Churchill Downs Inc. reported net earnings from continuing operations of $19.7 million for the third quarter of 2011, up significantly from $3.7 million for the third quarter of 2010.
The company said Oct. 26 receipt of $19.3 million from the Illinois Horse Racing Equity Trust Fund contributed to the strong quarter. The money, paid by several Illinois casinos, had been held in escrow for several years pending resolution of legal issues.
Net revenue from continuing operations was $166.3 million, up 13% from $147.5 million for the comparable quarter last year and a new third-quarter record, CDI said in an earnings release. Revenue gains were attributed to operations at Harlow’s Casino Resort & Hotel, a Mississippi property CDI acquired in December 2010, and 4.2% growth in pari-mutuel handle through TwinSpires.com, the company’s advance deposit wagering service.

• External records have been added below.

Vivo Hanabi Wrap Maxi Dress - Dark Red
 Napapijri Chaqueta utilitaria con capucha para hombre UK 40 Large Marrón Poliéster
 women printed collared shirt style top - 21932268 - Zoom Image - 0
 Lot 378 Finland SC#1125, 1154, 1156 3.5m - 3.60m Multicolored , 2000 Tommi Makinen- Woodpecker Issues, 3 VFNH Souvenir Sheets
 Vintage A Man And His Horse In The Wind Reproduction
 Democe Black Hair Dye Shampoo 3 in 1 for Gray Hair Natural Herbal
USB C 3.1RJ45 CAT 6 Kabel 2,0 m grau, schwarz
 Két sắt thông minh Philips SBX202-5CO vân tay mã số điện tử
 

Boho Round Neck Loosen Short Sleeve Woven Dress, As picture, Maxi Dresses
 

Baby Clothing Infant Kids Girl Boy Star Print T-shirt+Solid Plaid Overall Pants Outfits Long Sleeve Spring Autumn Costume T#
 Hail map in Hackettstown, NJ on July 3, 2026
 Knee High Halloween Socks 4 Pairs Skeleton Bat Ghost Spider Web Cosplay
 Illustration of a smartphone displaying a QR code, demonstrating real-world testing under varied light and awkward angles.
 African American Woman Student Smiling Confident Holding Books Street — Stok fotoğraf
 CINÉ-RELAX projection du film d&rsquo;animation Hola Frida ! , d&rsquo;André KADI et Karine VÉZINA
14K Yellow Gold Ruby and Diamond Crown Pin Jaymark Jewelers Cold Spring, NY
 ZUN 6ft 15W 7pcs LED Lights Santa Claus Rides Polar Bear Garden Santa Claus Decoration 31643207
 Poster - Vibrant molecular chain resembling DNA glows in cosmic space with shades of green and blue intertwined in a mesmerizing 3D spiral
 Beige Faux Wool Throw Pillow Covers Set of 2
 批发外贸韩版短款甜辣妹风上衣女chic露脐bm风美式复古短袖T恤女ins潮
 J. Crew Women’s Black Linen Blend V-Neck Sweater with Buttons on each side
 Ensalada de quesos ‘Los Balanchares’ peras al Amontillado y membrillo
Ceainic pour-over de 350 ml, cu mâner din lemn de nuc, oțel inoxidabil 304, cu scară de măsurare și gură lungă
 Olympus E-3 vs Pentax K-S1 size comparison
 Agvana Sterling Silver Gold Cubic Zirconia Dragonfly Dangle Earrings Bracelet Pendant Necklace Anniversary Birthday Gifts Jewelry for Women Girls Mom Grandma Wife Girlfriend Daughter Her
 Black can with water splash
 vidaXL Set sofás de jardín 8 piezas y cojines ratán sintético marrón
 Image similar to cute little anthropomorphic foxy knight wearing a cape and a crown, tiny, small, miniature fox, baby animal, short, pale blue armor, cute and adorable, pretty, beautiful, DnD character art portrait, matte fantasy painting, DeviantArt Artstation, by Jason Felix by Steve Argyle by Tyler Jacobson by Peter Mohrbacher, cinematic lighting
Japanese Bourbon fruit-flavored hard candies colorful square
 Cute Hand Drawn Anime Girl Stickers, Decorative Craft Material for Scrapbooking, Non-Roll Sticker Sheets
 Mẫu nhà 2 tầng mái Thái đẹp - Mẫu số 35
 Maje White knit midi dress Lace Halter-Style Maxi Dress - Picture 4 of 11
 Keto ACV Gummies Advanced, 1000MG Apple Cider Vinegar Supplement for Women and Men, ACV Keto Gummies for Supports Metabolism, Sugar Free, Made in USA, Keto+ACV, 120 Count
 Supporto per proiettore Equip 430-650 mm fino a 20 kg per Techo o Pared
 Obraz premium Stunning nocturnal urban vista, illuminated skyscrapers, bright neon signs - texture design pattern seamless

Earnings before interest, taxes, depreciation, and amortization doubled to $43 million in the third quarter. Gaming revenue increased $5.3 million and pari-mutuel revenue increased $2.2 million, CDI reported.
CDI owns four racetracks: Churchill Downs in Kentucky, Calder Casino & Race Course in Florida, Arlington Park in Illinois, and Fair Grounds Race Course & Slots in Louisiana. Calder and Fair Grounds have slot machines.
“It was a very good quarter, even when we exclude the impact of the Illinois Horse Racing Equity Trust Fund proceeds,” CDI chairman and chief executive officer Robert Evans said. “Once again, the decline in net revenues and EBITDA—excluding those trust fund proceeds—in our racing operations was more than offset by significant gains in our online and gaming businesses.
“We used the resulting cash flow to pay down another $28.6 million in long-term debt during the third quarter, bringing our debt reduction for the first nine months of the year to $108.8 million.”
Churchill Downs will host this year’s Breeders’ Cup World Championships Nov. 4-5.